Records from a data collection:

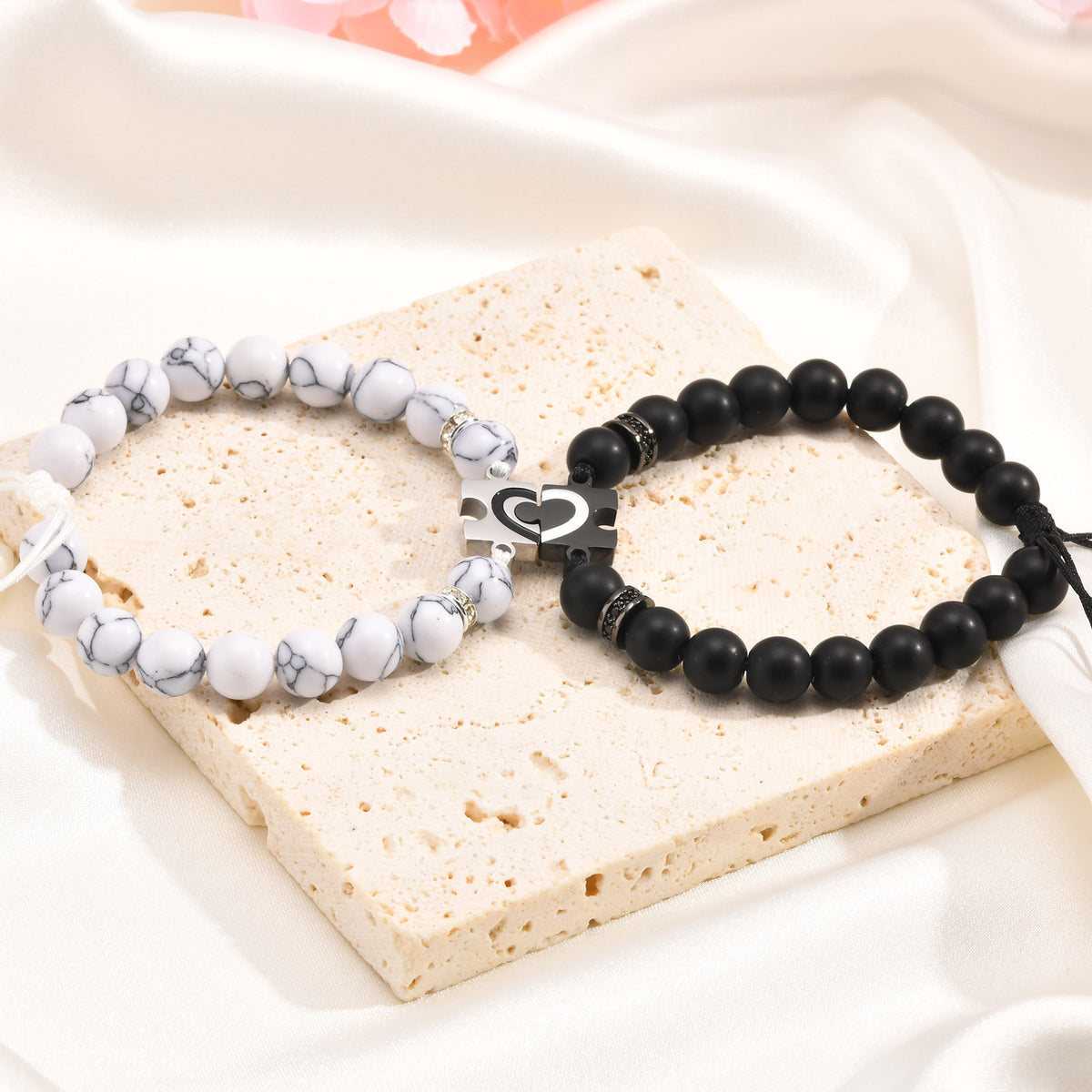 Adjustable Stainless Steel Corrosion Paint Half-Heart Puzzle Agate Turquoise Beaded Bracelet
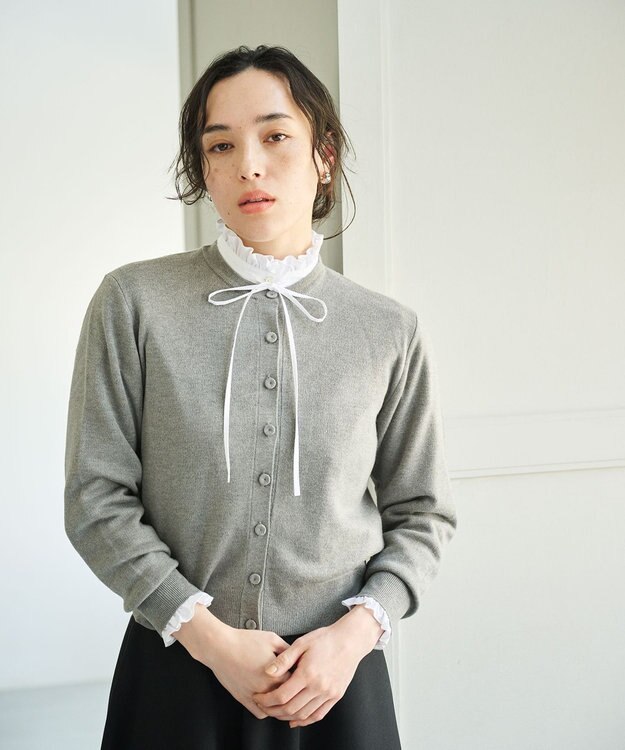 #Newans 【カシミヤ混】コンパクトニットカーディガン グレー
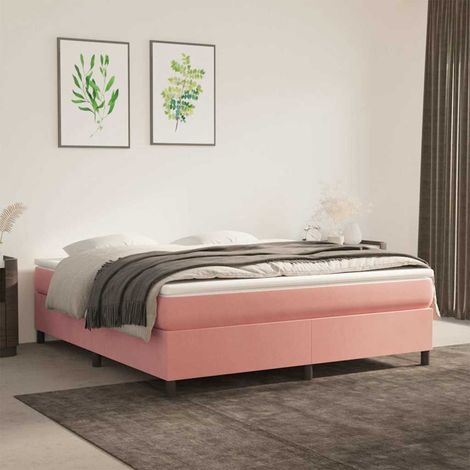 Cama box spring con colchón terciopelo rosa 180x200 cm (1/5)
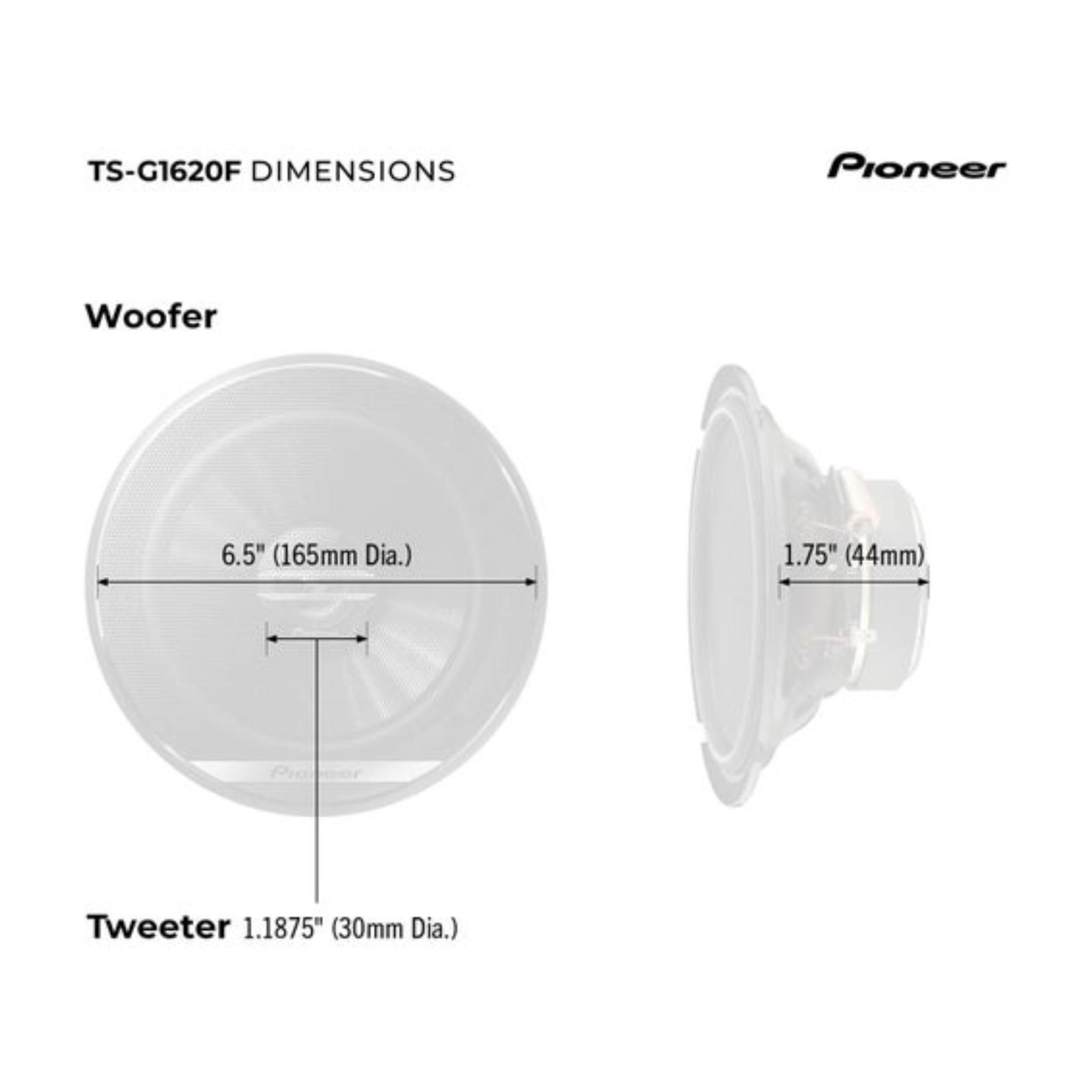Pioneer TS-G1620F, 2-Way Car Audio Speakers, Full Range, Clear Sound Quality, Easy Installation and Enhanced Bass Response, 6.5” speakers - Image 2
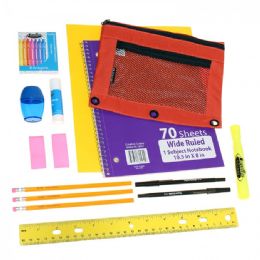 24 Pieces Wholesale Kids 12 Piece School Supply Kit - Notebooks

== Exercise aim ==
Starting with the line that has "Pioneer TS-G1620F, 2-Way" and ending with the last line of the records, retype every line exactly and only those lines. Do not include the pictures.

== Result of the exercise ==
Pioneer TS-G1620F, 2-Way Car Audio Speakers, Full Range, Clear Sound Quality, Easy Installation and Enhanced Bass Response, 6.5” speakers - Image 2
 24 Pieces Wholesale Kids 12 Piece School Supply Kit - Notebooks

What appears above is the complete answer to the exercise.